I considered what the best event would be to invite this near stranger to. Poker night with the boys? A night out at a club? Perhaps a quick meal? Maybe over to the house to watch some sports or play video games? Do we email a bit, chat on the phone, or maybe just Facebook each other before actually hanging out?

Well, I'll never know because the guy never emailed me back. After all the thought I put into it too.

The thing that sets off the events of the movie was Paul Rudd's lack of guy friends. He didn't have anyone for his side of the wedding party but more importantly, it was noted that maybe he would be too suffocating for his new wife if he didn't have friends of his own. I'm trying to figure out when this is the case in real life. Most every male I know has good guy friends, and yeah, it would be kind of weird if they didn't (Right?). The girl who has only guy friends is totally normal but guys who don't have any guy friends, even the semi-shallow boys will be boys type friends, that's definitely a bit of an eyebrow raiser.

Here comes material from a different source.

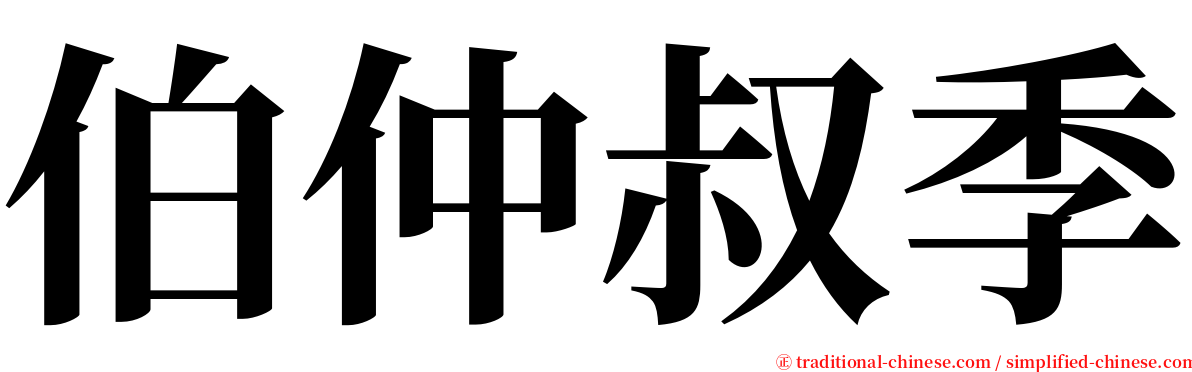 伯仲叔季 serif font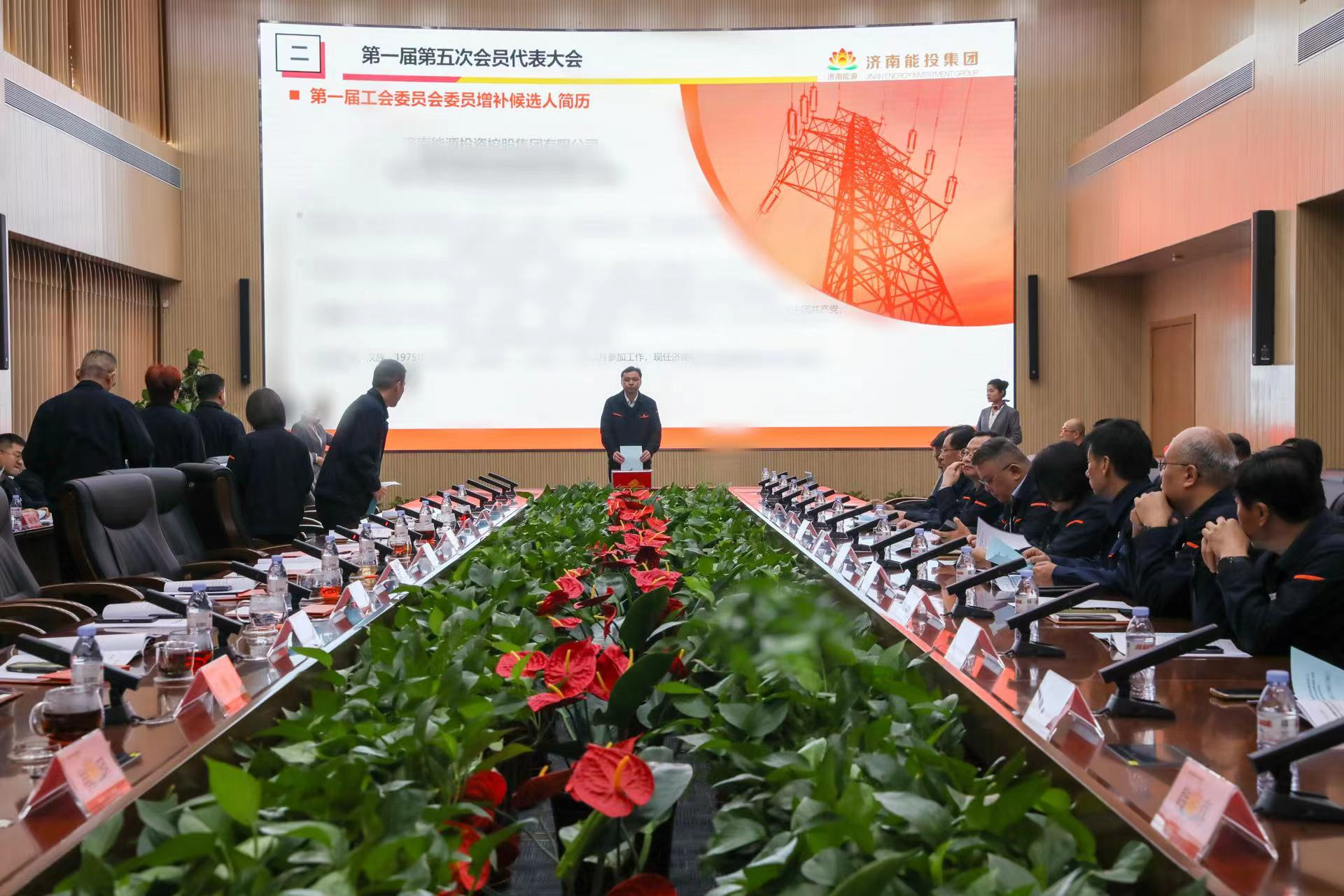 龙8头号玩家(国际集团)官方网站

So with that in mind, it's almost never a necessity to have more guys in your life. Thus, the bar has to be higher. For me, I have to really get along with someone in order to consider them guy friend worthy. It's much easier to just relegate guys to their little acquaintance boxes if they're just so-so. And there are a lot of things I can't generally stand with guys. That's a whole different post so I'll gloss over it here.

Over the past four years, I've met three new guy friends, people that I'd squarely consider good guy friends. Not necessarily best friends mind you, but just good friends. Like I could pick up the phone and be like "Hey, let's go hang out." Over the same amount of time, I'd say I've met three or four times that many new female friends.

Previous to that, an "explosion" of guy friends happened in 2003-2004 when I met six new guy friends. Half of those came in one package, as part of the newly constructed San Diego boys (Ameer, Gene, Ryan). The other half were all an extension of the San Diego boys in some form or another.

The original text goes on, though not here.